Provided entries section start
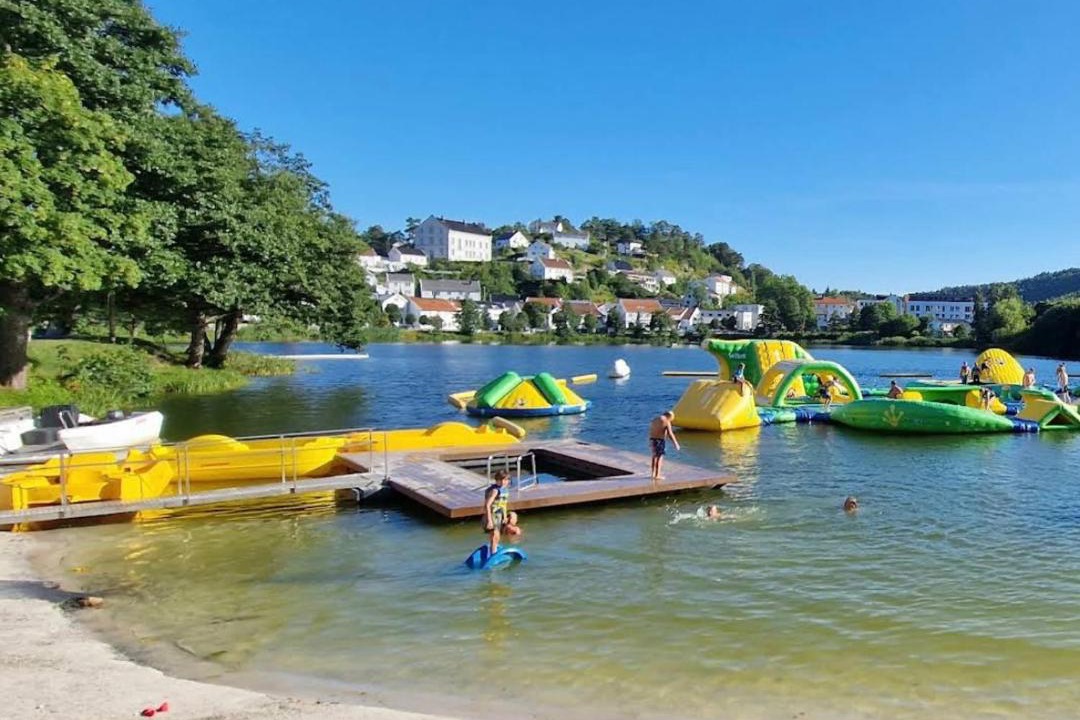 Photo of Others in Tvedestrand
Provided entries section end
Provided entries section start
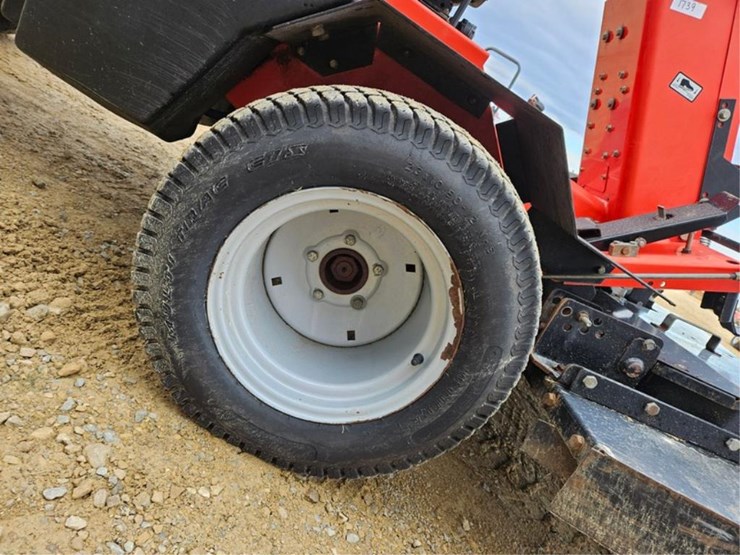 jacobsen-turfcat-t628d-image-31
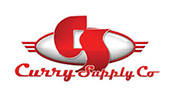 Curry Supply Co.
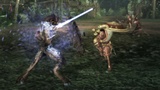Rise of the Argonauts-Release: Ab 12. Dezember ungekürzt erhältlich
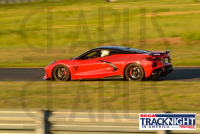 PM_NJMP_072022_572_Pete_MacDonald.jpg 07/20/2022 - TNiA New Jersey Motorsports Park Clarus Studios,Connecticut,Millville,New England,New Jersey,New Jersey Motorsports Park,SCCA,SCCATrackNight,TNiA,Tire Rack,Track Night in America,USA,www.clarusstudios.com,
Provided entries section end
# About this task
Of the records above, print only the lines from the one containing "Curry Supply Co." through the one containing "PM_NJMP_072022_572_Pete_MacDonald.jpg 07/20/2022 - TNiA", inclusive and unaltered, leaving out pictures.

# Output of the exercise
 Curry Supply Co.
Rise of the Argonauts-Release: Ab 12. Dezember ungekürzt erhältlich
 PM_NJMP_072022_572_Pete_MacDonald.jpg 07/20/2022 - TNiA New Jersey Motorsports Park Clarus Studios,Connecticut,Millville,New England,New Jersey,New Jersey Motorsports Park,SCCA,SCCATrackNight,TNiA,Tire Rack,Track Night in America,USA,www.clarusstudios.com,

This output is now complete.